• **Available data**:
================================

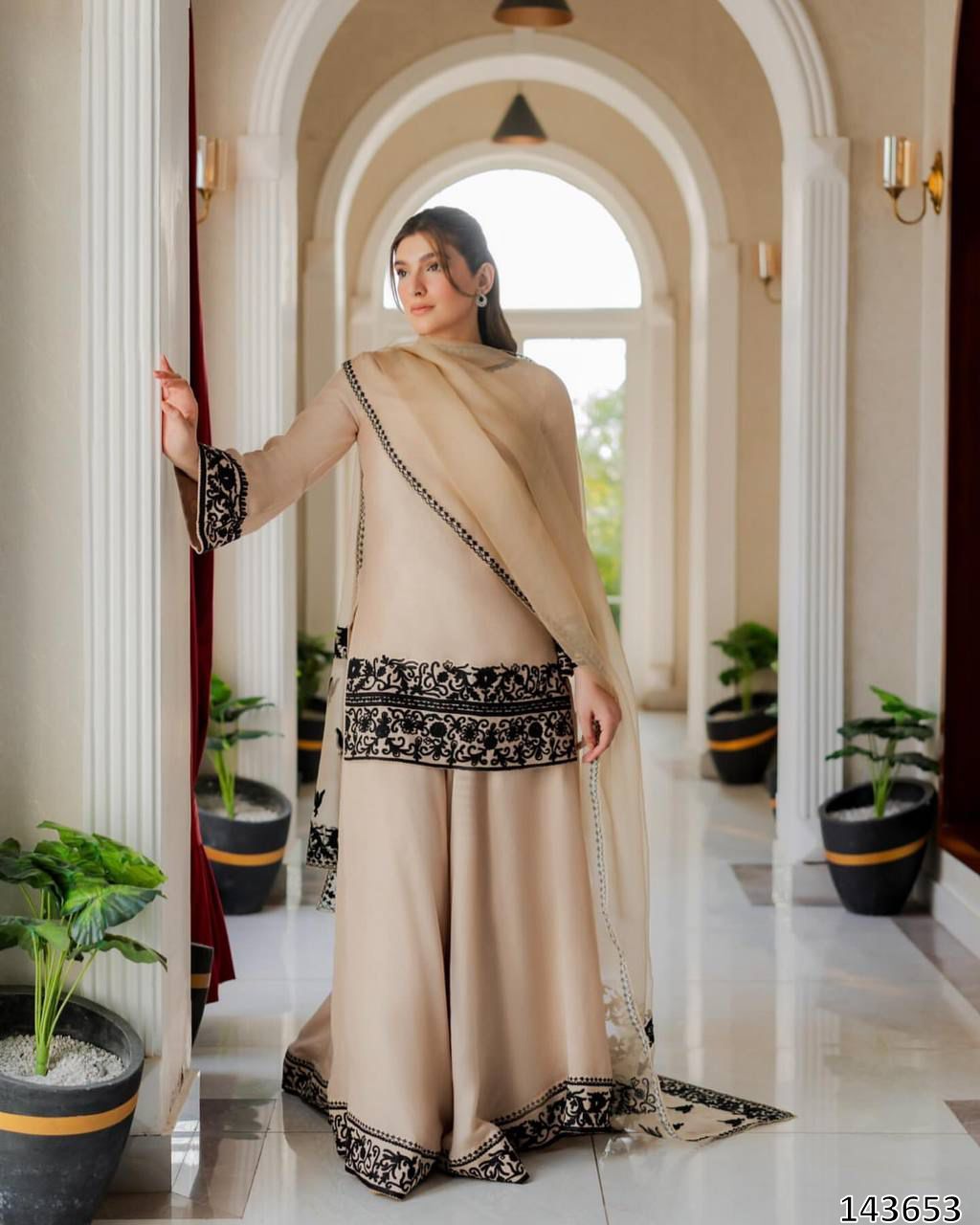 Natural Crep Elegant 3-Piece Designer Set | Comfort Meets Style
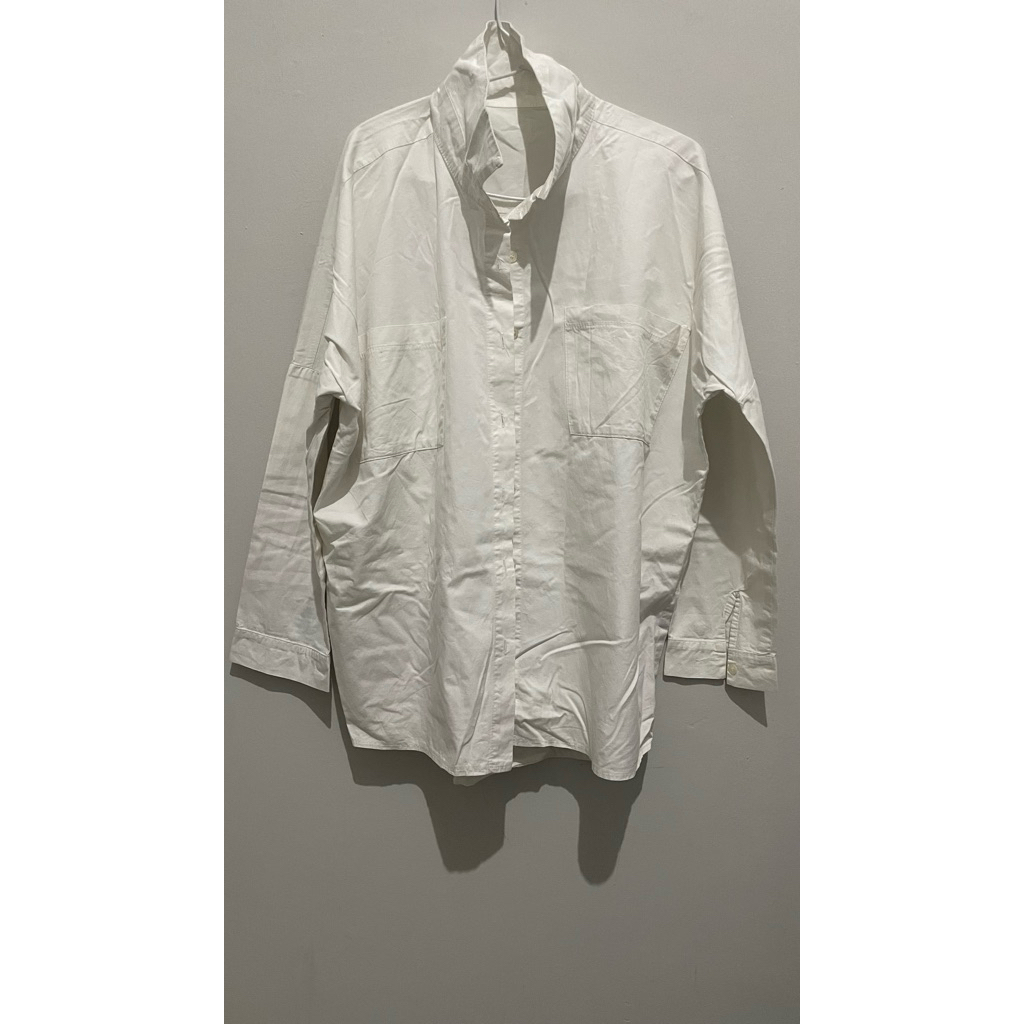 KEMEJA PUTIH OVERSIZE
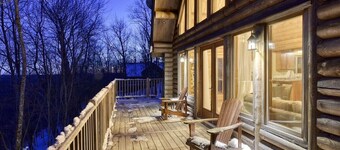 Log cabin w hot tub View near of Tremblant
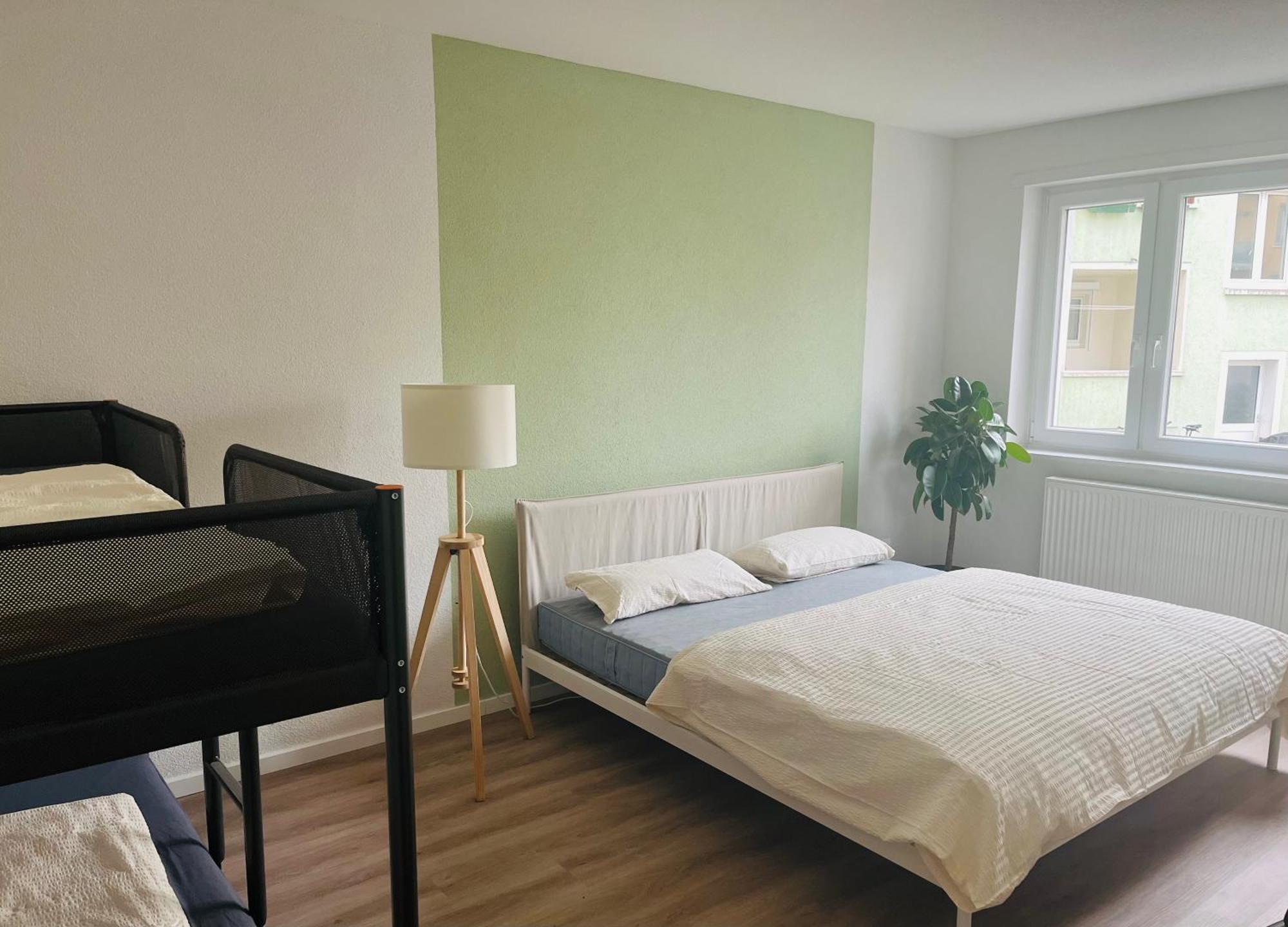 Black Forest City Apartment Mit Kostenlosem Parkplatz Friburgo em Brisgóvia Exterior foto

================================

• **What is required**: Repeat the listing above word for word, omitting the pictures.

• **Exercise solution**:
 Natural Crep Elegant 3-Piece Designer Set | Comfort Meets Style
 KEMEJA PUTIH OVERSIZE
 Log cabin w hot tub View near of Tremblant
 Black Forest City Apartment Mit Kostenlosem Parkplatz Friburgo em Brisgóvia Exterior foto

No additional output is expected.